* **WORK TO BE COMPLETED**: Reproduce word for word every line from the one containing "Pulover bleumarin cu" through the end of the listing below; omit the pictures.
** DATA FOR THE TASK follows **
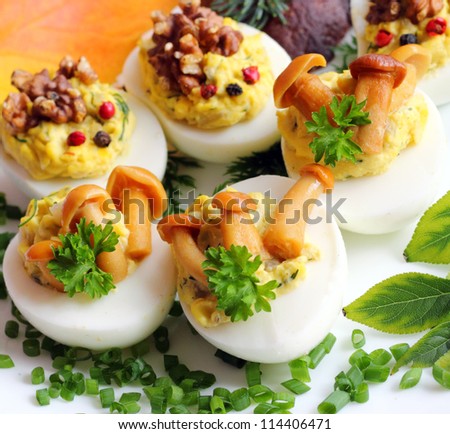 Eggs stuffed with boiled egg yolk, fried onions and mushrooms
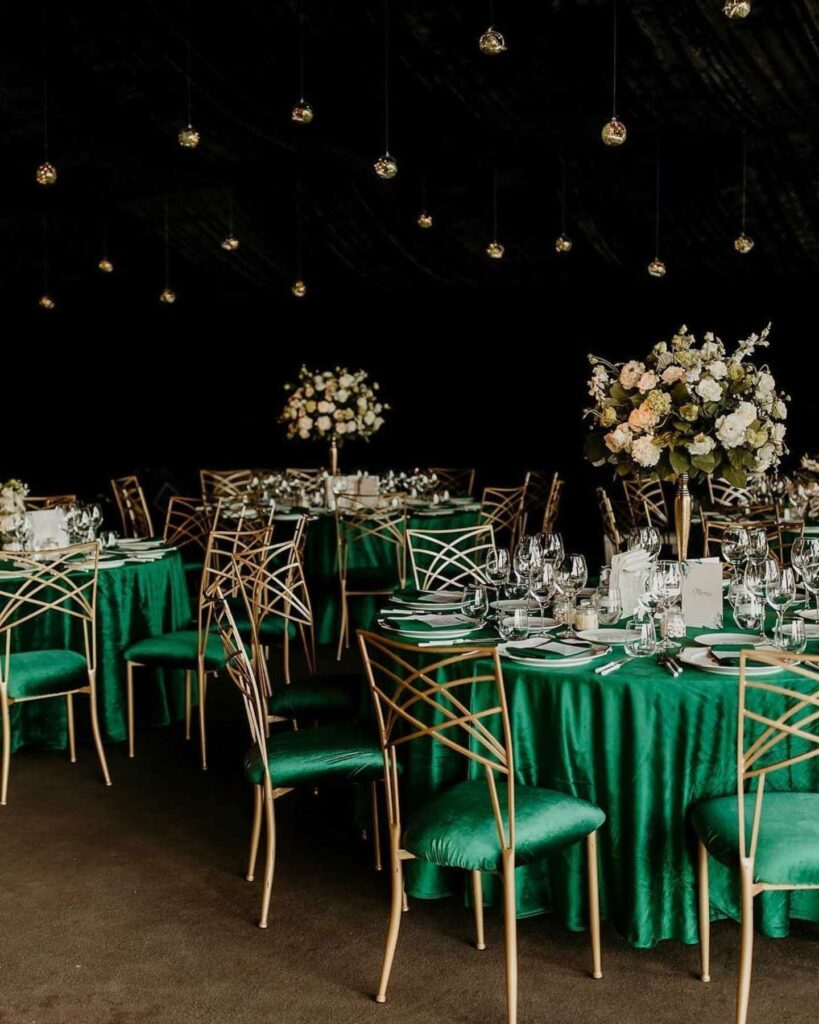 emerald green and gold wedding table setting with tall centerpiece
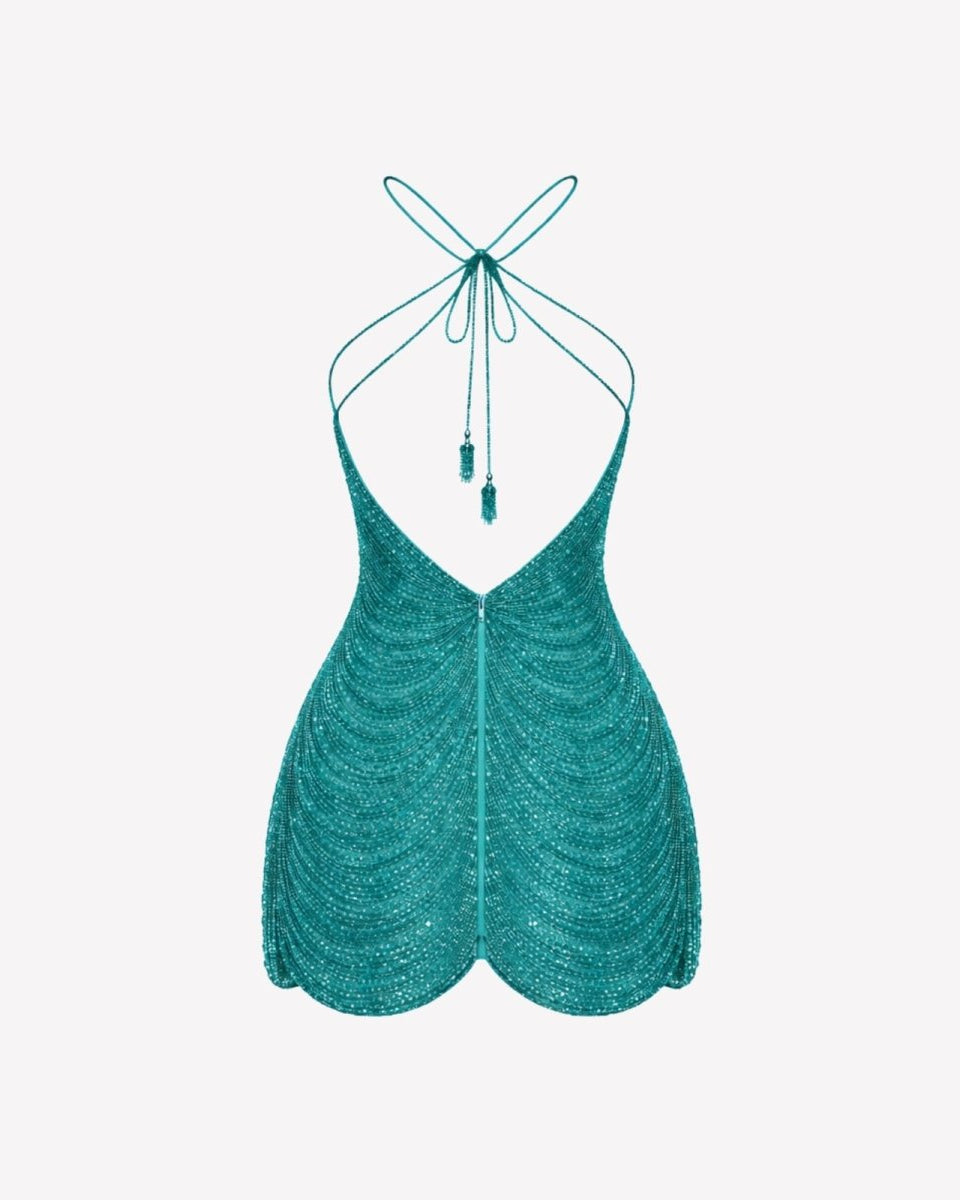 Front product view of Ondara teal glass-beaded backless mini dress showing intricate heavy beadwork.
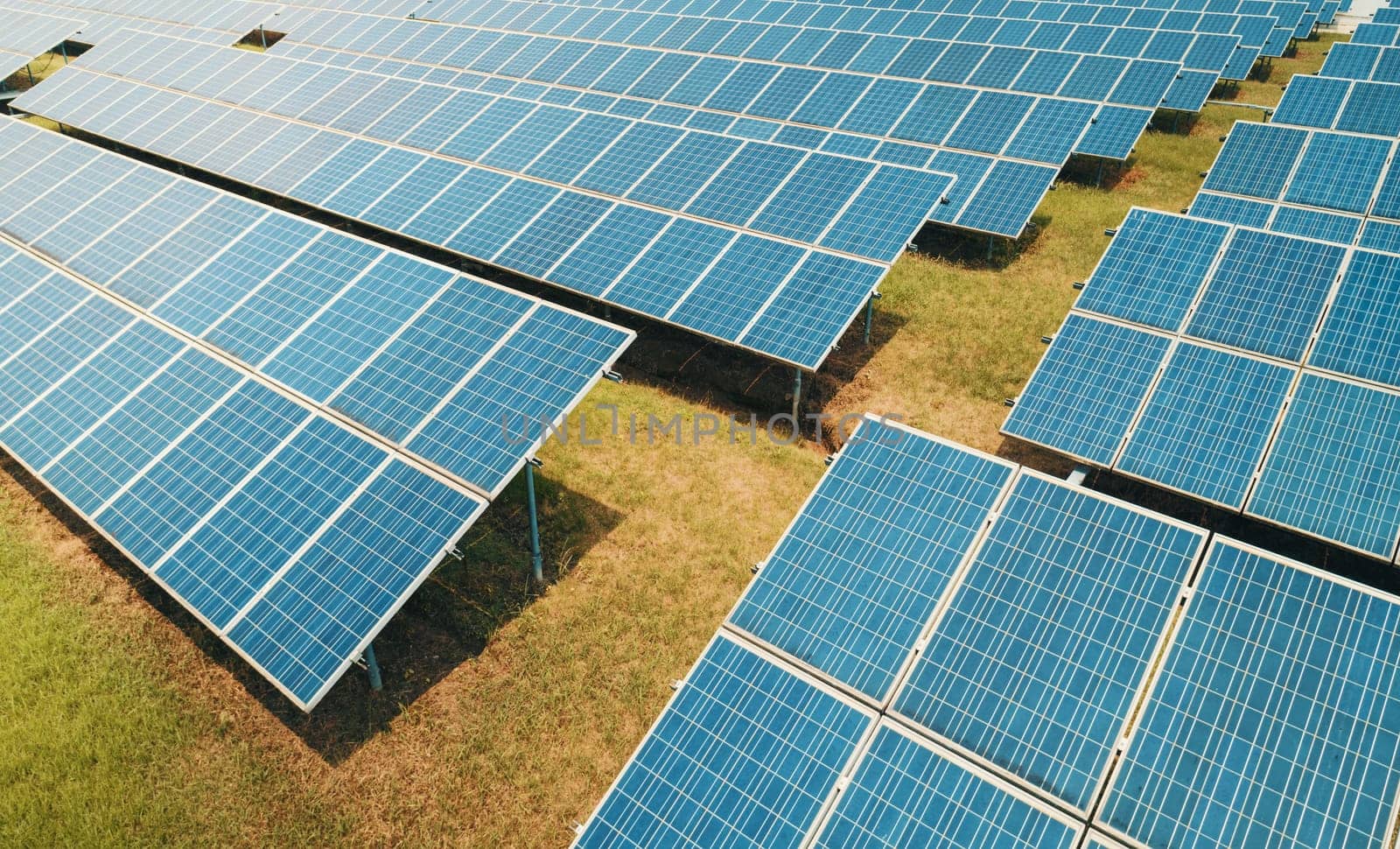 Aerial shot of solar panels farm on the green field. Renewable alternative green energy concept. by Busker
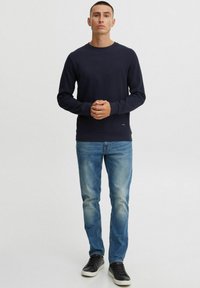 Pulover bleumarin cu mâneci lungi, guler rotund și mic detaliu cu logo la tiv, purtat cu blugi albaștri deschiși și adidași negri.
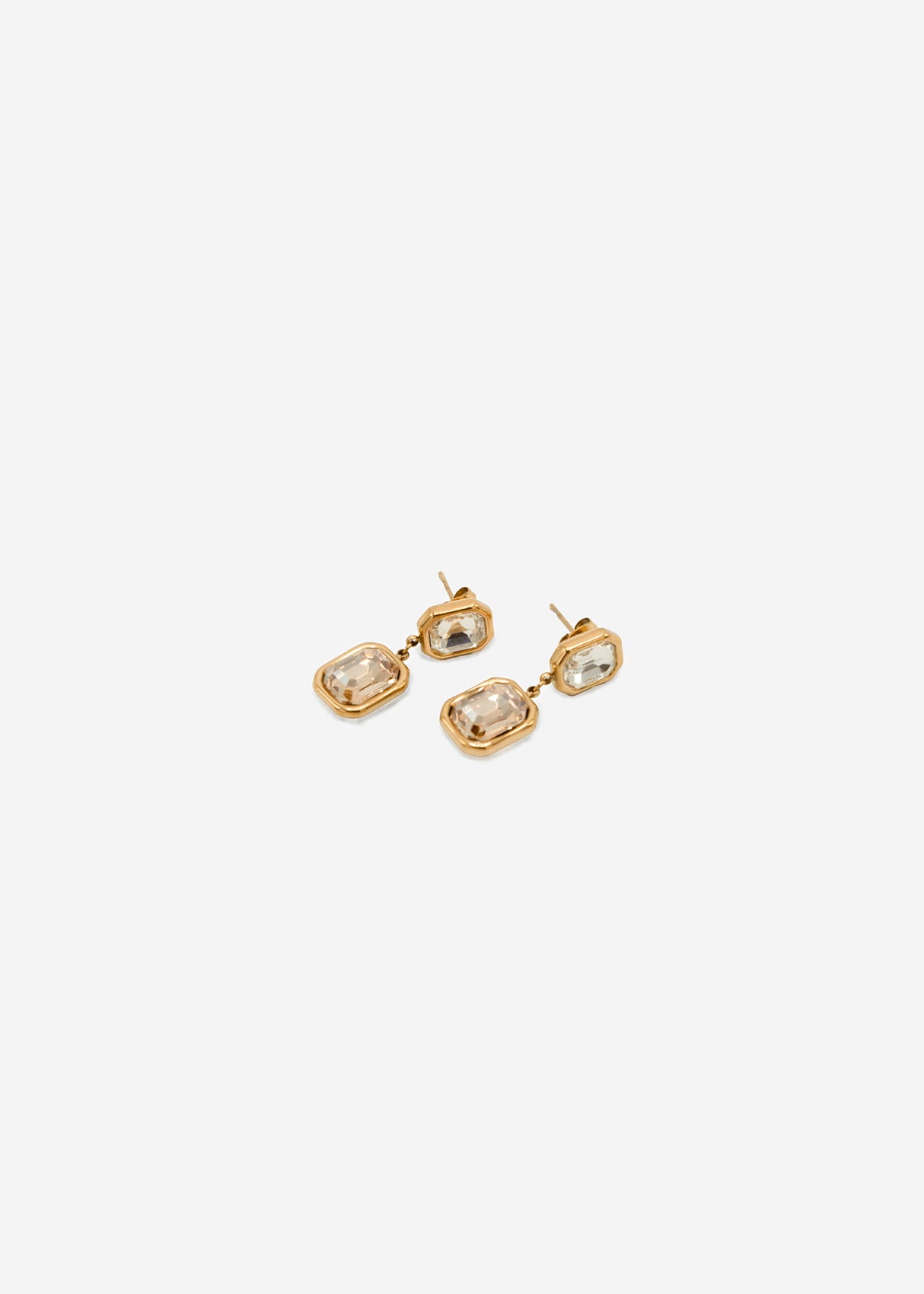 Elegant earrings with light gemstones - gold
** End of DATA FOR THE TASK **
* **REPLY TO THE EXERCISE**:
 Pulover bleumarin cu mâneci lungi, guler rotund și mic detaliu cu logo la tiv, purtat cu blugi albaștri deschiși și adidași negri.
 Elegant earrings with light gemstones - gold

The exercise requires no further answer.